--- EXERCISE ---
Would you output the entries below only from the line containing "WINDSTOPPER by GORE-TEX" through the line containing "Watch AnalMom - Lucky", exactly as they stand and with both ends included?

--- AVAILABLE DATA ---

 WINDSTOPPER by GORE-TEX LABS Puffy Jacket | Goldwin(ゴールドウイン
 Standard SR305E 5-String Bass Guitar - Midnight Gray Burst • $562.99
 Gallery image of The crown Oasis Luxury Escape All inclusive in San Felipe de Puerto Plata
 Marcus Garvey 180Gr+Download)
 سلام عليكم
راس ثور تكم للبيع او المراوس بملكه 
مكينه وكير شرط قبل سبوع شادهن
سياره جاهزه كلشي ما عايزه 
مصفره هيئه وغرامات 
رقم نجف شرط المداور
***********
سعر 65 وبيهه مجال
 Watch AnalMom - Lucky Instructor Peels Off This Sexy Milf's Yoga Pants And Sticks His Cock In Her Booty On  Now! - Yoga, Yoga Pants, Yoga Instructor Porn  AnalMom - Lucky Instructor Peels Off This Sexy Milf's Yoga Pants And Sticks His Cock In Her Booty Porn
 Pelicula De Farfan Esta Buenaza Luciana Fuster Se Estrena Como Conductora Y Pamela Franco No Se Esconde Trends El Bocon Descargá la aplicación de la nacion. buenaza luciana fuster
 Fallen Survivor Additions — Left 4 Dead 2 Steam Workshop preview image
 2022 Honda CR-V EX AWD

==

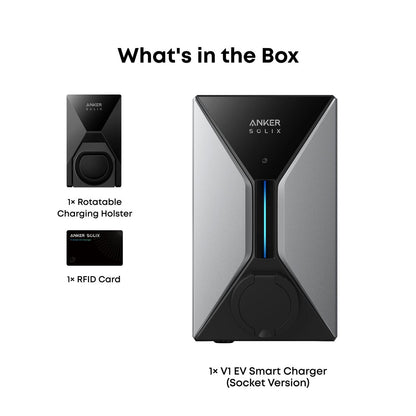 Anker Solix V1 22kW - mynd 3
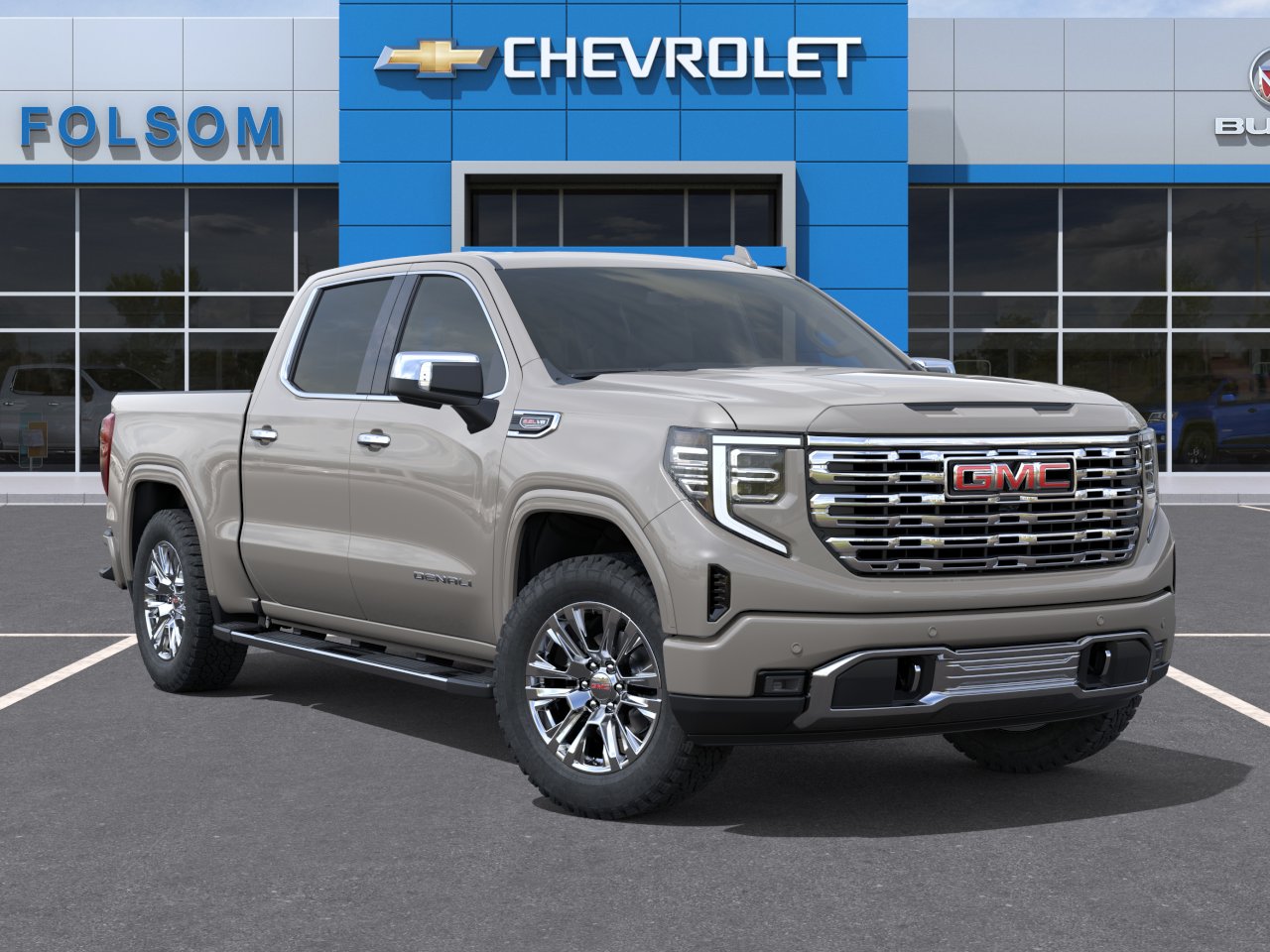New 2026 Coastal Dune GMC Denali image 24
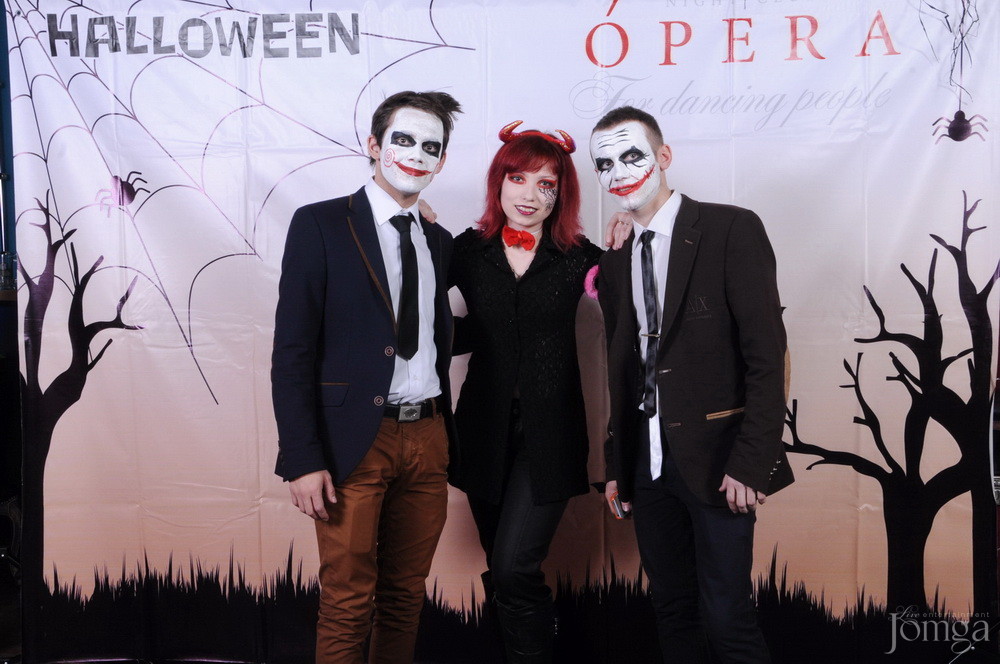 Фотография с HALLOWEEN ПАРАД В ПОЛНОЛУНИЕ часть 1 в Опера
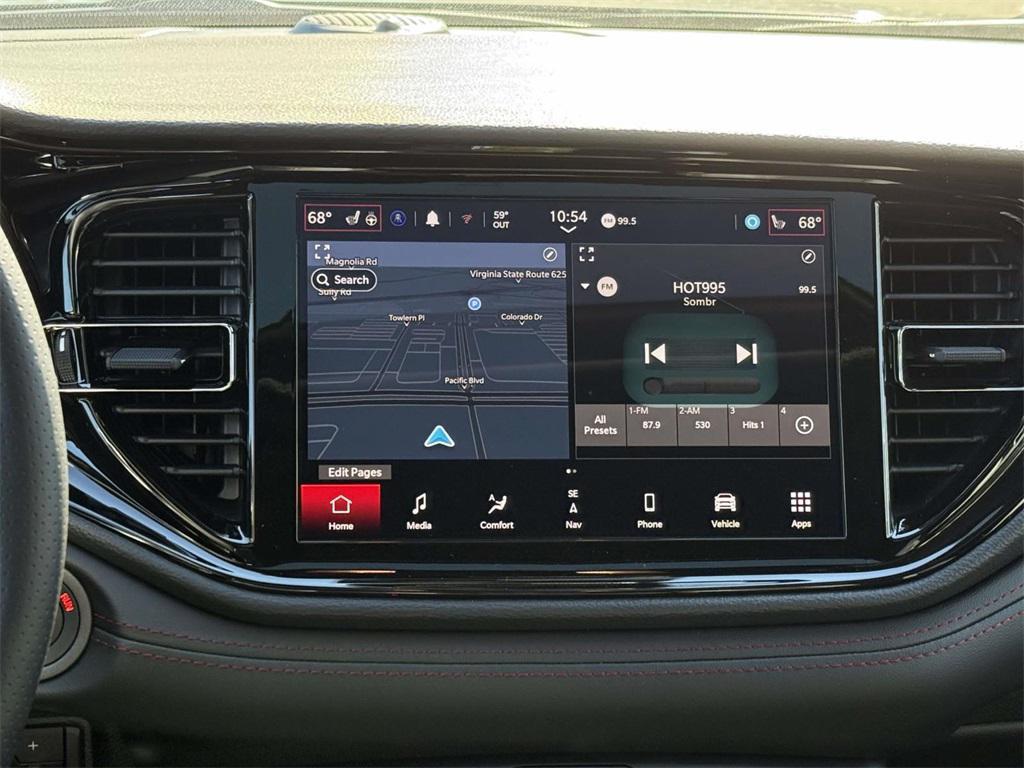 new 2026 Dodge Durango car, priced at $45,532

==

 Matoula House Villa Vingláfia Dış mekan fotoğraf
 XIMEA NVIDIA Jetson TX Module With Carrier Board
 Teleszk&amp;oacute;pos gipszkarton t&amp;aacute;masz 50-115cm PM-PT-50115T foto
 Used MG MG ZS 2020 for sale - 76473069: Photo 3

--- THE COMPLETED TASK ---
 WINDSTOPPER by GORE-TEX LABS Puffy Jacket | Goldwin(ゴールドウイン
 Standard SR305E 5-String Bass Guitar - Midnight Gray Burst • $562.99
 Gallery image of The crown Oasis Luxury Escape All inclusive in San Felipe de Puerto Plata
 Marcus Garvey 180Gr+Download)
 سلام عليكم
راس ثور تكم للبيع او المراوس بملكه 
مكينه وكير شرط قبل سبوع شادهن
سياره جاهزه كلشي ما عايزه 
مصفره هيئه وغرامات 
رقم نجف شرط المداور
***********
سعر 65 وبيهه مجال
 Watch AnalMom - Lucky Instructor Peels Off This Sexy Milf's Yoga Pants And Sticks His Cock In Her Booty On  Now! - Yoga, Yoga Pants, Yoga Instructor Porn  AnalMom - Lucky Instructor Peels Off This Sexy Milf's Yoga Pants And Sticks His Cock In Her Booty Porn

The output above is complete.